▶ [ASSIGNMENT]:
Where an image appears in the data, omit it and reproduce the rest exactly.

▶ [PROVIDED DATA]:
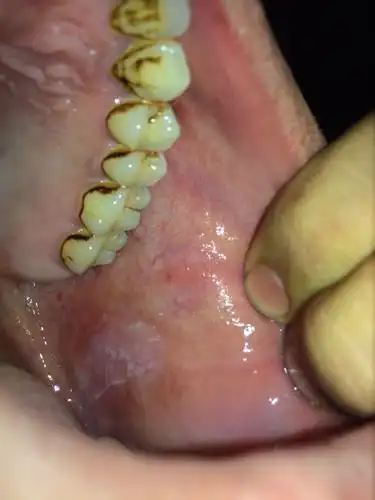 发现嘴巴里面有个这样的白色的东西,是什么?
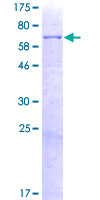 PRCP Protein - 12.5% SDS-PAGE of human PRCP stained with Coomassie Blue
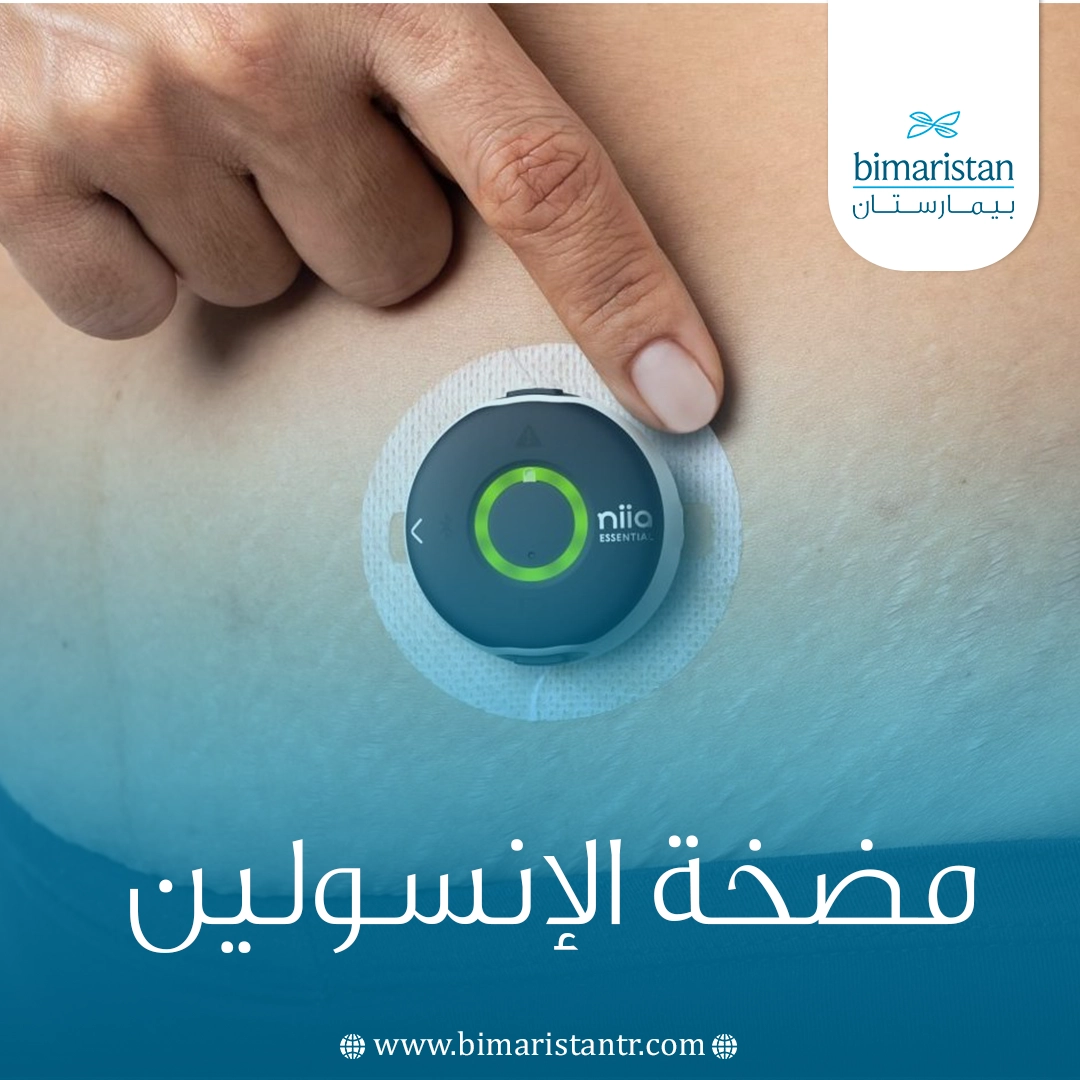 مضخة الإنسولين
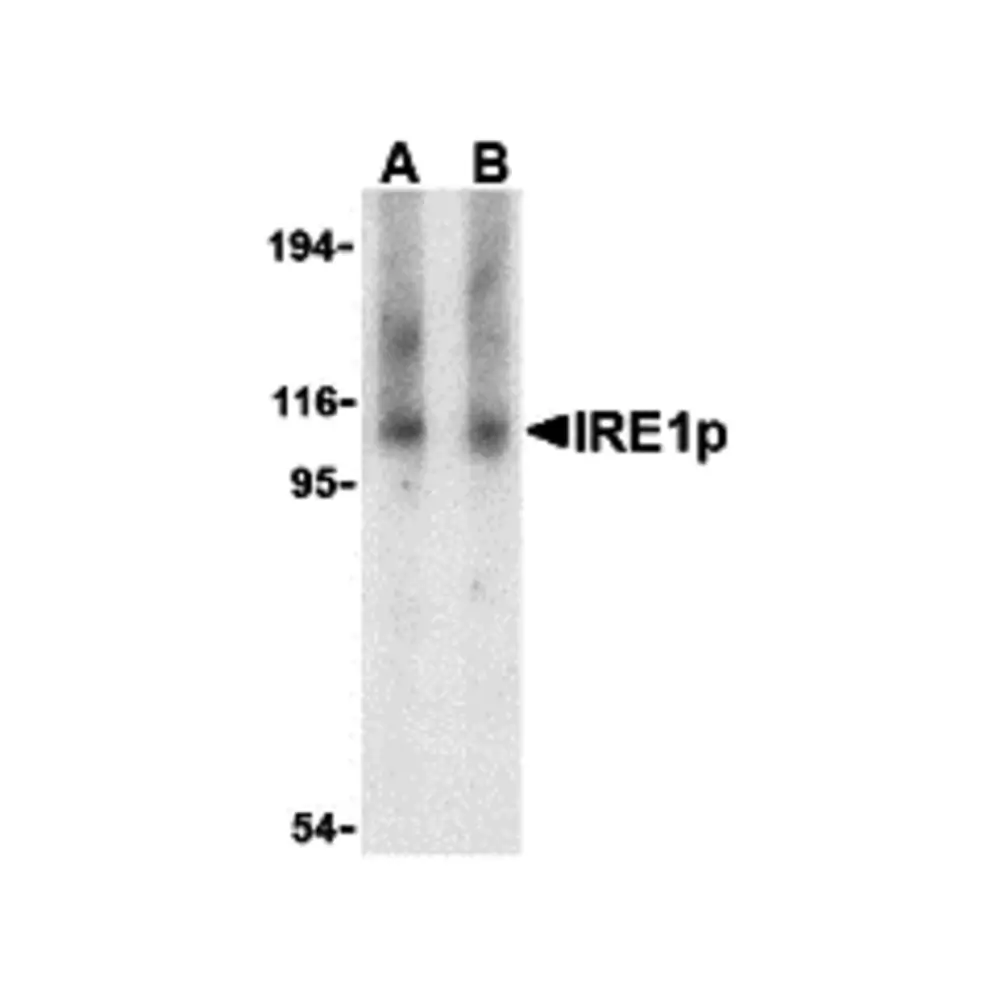 ProSci 3659 IRE1p Antibody, ProSci, 0.1 mg/Unit Primary Image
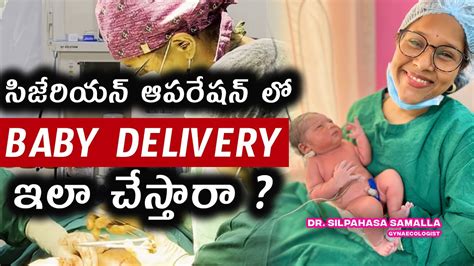 Cesarean operation ఎల చసతర Baby డలవర ఎల అవతద Cesarean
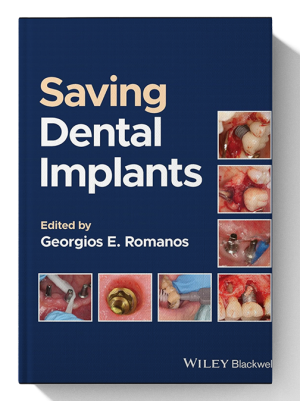Saving Dental Implants 1st Edition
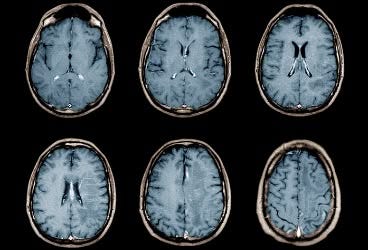 This may contain: six mri images show the different areas of the brain, including one in blue and four in white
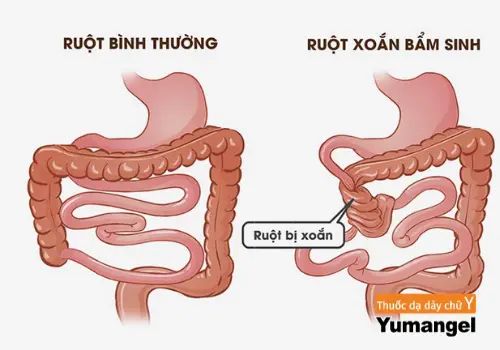 Không hiếm gặp bệnh xoắn ruột ở trẻ em.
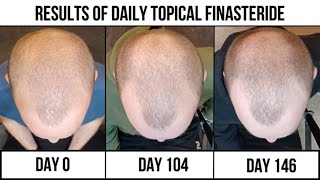 Homemade Topical Finasteride Results (5 months)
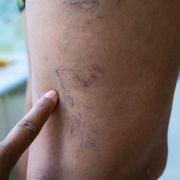 Popliteal Vein Thrombosis Symptoms, Causes & Treatment - Audio Blog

▶ [RESPONSE BOX]:
 发现嘴巴里面有个这样的白色的东西,是什么?
 PRCP Protein - 12.5% SDS-PAGE of human PRCP stained with Coomassie Blue
 مضخة الإنسولين
 ProSci 3659 IRE1p Antibody, ProSci, 0.1 mg/Unit Primary Image
 Cesarean operation ఎల చసతర Baby డలవర ఎల అవతద Cesarean
Saving Dental Implants 1st Edition
 This may contain: six mri images show the different areas of the brain, including one in blue and four in white
 Không hiếm gặp bệnh xoắn ruột ở trẻ em.
 Homemade Topical Finasteride Results (5 months)
 Popliteal Vein Thrombosis Symptoms, Causes & Treatment - Audio Blog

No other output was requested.